══ Records to process

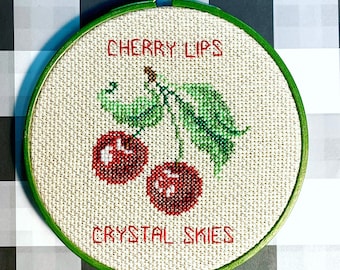 1989 Cherry Lyrics Metallic Embroidery - Handmade Needlepoint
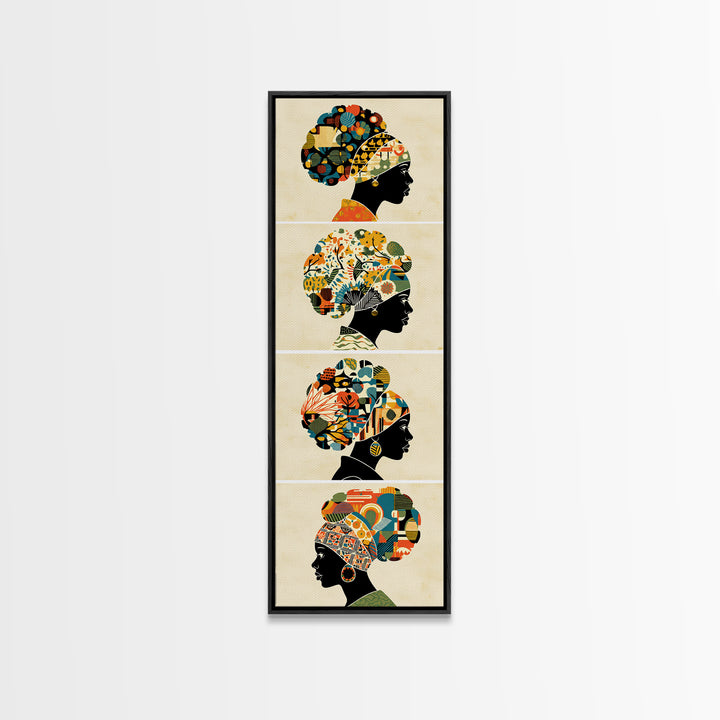 Four Floral Headwrap African Women Wall Art, Black Woman Silhouette Canvas Print, Afrocentric Ankara Decor Art Gift For Her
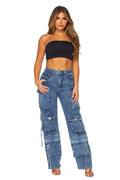 Multi Pocket Denim Cargo Pants by The House of Stylez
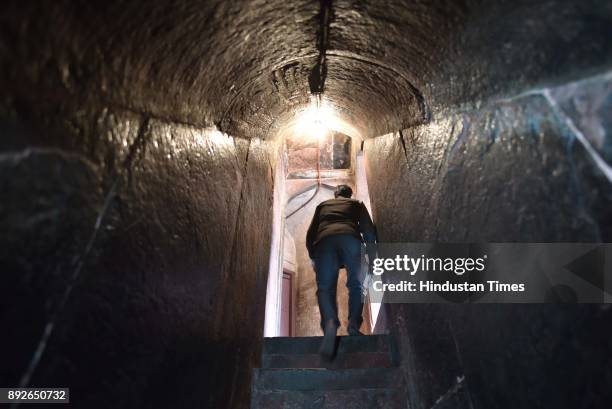 View of the passage leading towards the Jama Masjid minar on December 13, 2017 in New Delhi, India. The 17th century mosque built by Mughal emperor...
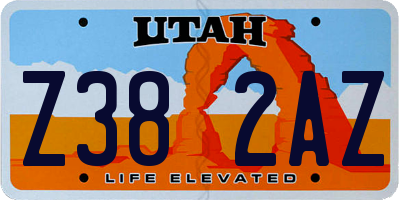 UT license plate Z382AZ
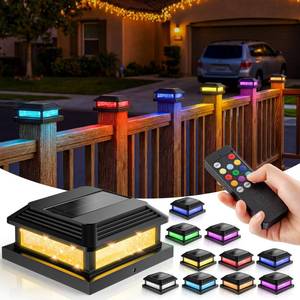 lot 4919 image: JOFIOS Solar Post Cap Lights Outdoor with Remote 12pack - Control 8 RGB Color Changing & Multicolor Flow Modes Easily, IP65 Waterproof - Fits 4x45x5 WoodVinyl Fence Deck Posts, Patio Garden, Black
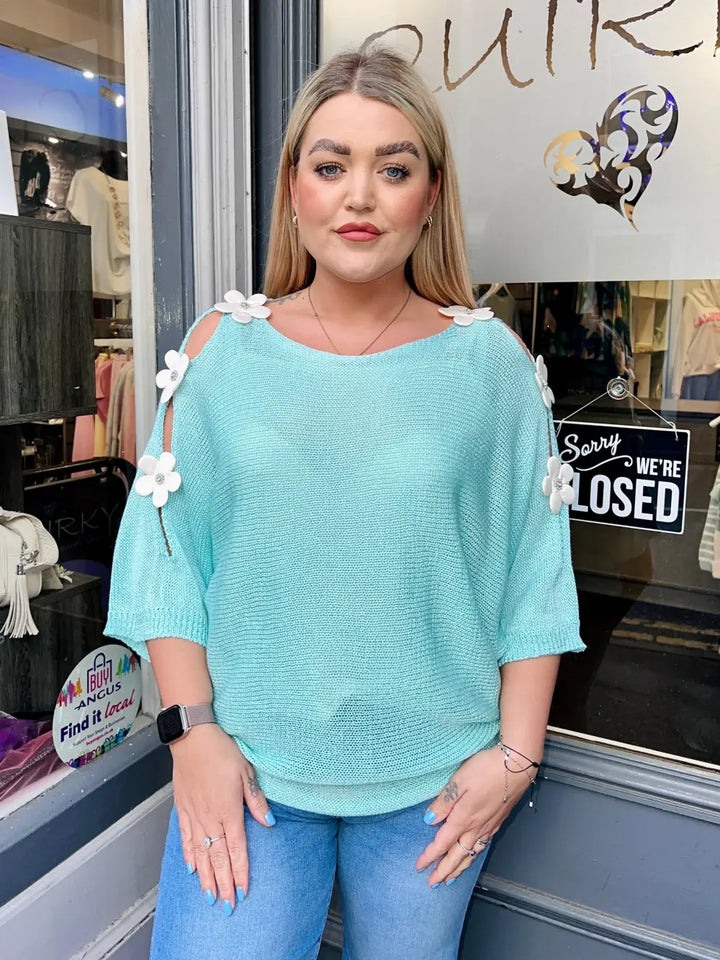 Daisy Embellished Sleeve Knit SEA GREEN - Knitwear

════

Starting with the line that contains "UT license plate Z382AZ", print every line through the end of the data exactly as written; omit all pictures and add nothing else.

 UT license plate Z382AZ
 lot 4919 image: JOFIOS Solar Post Cap Lights Outdoor with Remote 12pack - Control 8 RGB Color Changing & Multicolor Flow Modes Easily, IP65 Waterproof - Fits 4x45x5 WoodVinyl Fence Deck Posts, Patio Garden, Black
 Daisy Embellished Sleeve Knit SEA GREEN - Knitwear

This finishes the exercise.